Task input:
· · · · ·
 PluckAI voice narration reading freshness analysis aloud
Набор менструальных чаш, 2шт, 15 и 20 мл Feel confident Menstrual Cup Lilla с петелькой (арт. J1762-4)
· · · · ·
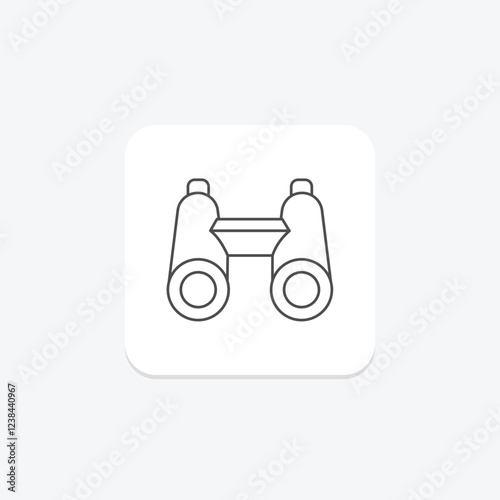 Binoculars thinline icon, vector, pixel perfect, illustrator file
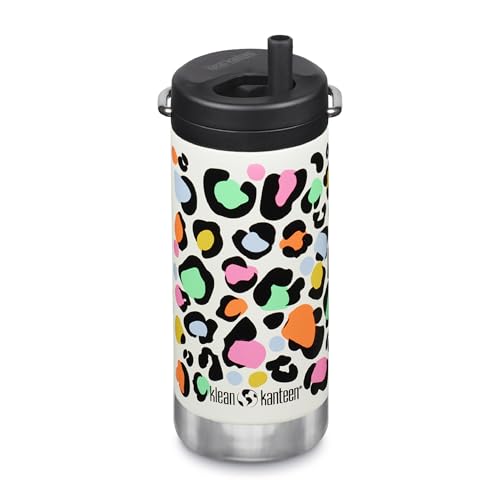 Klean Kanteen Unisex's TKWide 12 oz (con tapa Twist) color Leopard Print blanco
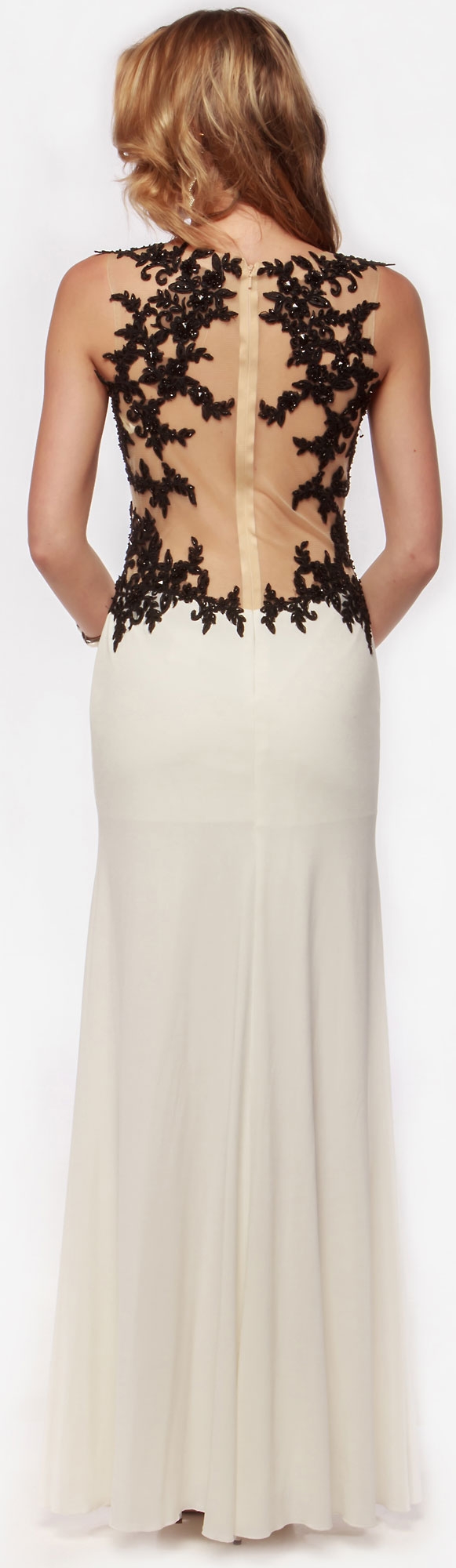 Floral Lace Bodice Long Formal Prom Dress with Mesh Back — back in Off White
· · · · ·
Work item: Between and including the line above that contains "Klean Kanteen Unisex's" and the line that contains "Floral Lace Bodice", restate every line word for word. Pictures stay out.

Solved problem:
 Klean Kanteen Unisex's TKWide 12 oz (con tapa Twist) color Leopard Print blanco
 Floral Lace Bodice Long Formal Prom Dress with Mesh Back — back in Off White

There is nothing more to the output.